BEGIN Dataset entries

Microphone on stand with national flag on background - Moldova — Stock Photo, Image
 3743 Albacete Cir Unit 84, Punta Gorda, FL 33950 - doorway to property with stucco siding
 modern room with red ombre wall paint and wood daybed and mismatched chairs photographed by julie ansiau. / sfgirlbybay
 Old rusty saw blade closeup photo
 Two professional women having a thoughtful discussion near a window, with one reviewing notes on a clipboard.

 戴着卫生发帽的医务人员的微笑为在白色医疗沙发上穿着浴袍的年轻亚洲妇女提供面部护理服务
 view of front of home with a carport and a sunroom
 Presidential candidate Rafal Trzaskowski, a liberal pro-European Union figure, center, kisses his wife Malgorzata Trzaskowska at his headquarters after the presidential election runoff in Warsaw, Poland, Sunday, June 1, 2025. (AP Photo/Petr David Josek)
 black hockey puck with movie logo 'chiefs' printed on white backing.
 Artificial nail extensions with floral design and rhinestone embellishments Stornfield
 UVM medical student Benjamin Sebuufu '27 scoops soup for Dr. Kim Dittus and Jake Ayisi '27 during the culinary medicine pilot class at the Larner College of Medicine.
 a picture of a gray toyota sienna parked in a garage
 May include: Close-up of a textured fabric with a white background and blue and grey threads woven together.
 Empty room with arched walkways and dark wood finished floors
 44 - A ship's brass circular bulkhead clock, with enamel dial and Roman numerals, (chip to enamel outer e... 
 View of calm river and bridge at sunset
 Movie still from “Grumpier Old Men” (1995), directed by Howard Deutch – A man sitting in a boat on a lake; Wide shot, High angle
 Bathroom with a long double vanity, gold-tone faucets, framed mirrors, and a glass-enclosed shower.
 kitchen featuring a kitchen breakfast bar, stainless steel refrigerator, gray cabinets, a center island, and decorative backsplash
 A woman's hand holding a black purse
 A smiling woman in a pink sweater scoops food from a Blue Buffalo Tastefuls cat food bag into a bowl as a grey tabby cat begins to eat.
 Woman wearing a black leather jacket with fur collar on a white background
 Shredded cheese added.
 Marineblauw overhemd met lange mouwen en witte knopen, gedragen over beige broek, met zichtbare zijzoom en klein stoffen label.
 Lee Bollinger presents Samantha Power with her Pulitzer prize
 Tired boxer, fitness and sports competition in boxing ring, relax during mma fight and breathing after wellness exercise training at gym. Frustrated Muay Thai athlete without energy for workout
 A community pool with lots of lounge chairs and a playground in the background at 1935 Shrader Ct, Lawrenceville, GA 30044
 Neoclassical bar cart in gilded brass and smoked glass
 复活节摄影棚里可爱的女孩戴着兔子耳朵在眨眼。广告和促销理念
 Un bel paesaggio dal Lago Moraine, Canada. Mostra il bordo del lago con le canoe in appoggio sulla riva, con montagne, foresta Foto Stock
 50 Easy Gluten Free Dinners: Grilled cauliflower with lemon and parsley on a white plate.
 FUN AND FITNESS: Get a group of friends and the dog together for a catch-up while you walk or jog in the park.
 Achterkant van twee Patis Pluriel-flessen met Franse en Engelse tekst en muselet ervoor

END Dataset entries

Using the data above, print exactly the lines from the line that contains "Presidential candidate Rafal" through the line that contains "Lee Bollinger presents", with both included.

* **Answer to the problem**:
 Presidential candidate Rafal Trzaskowski, a liberal pro-European Union figure, center, kisses his wife Malgorzata Trzaskowska at his headquarters after the presidential election runoff in Warsaw, Poland, Sunday, June 1, 2025. (AP Photo/Petr David Josek)
 black hockey puck with movie logo 'chiefs' printed on white backing.
 Artificial nail extensions with floral design and rhinestone embellishments Stornfield
 UVM medical student Benjamin Sebuufu '27 scoops soup for Dr. Kim Dittus and Jake Ayisi '27 during the culinary medicine pilot class at the Larner College of Medicine.
 a picture of a gray toyota sienna parked in a garage
 May include: Close-up of a textured fabric with a white background and blue and grey threads woven together.
 Empty room with arched walkways and dark wood finished floors
 44 - A ship's brass circular bulkhead clock, with enamel dial and Roman numerals, (chip to enamel outer e... 
 View of calm river and bridge at sunset
 Movie still from “Grumpier Old Men” (1995), directed by Howard Deutch – A man sitting in a boat on a lake; Wide shot, High angle
 Bathroom with a long double vanity, gold-tone faucets, framed mirrors, and a glass-enclosed shower.
 kitchen featuring a kitchen breakfast bar, stainless steel refrigerator, gray cabinets, a center island, and decorative backsplash
 A woman's hand holding a black purse
 A smiling woman in a pink sweater scoops food from a Blue Buffalo Tastefuls cat food bag into a bowl as a grey tabby cat begins to eat.
 Woman wearing a black leather jacket with fur collar on a white background
 Shredded cheese added.
 Marineblauw overhemd met lange mouwen en witte knopen, gedragen over beige broek, met zichtbare zijzoom en klein stoffen label.
 Lee Bollinger presents Samantha Power with her Pulitzer prize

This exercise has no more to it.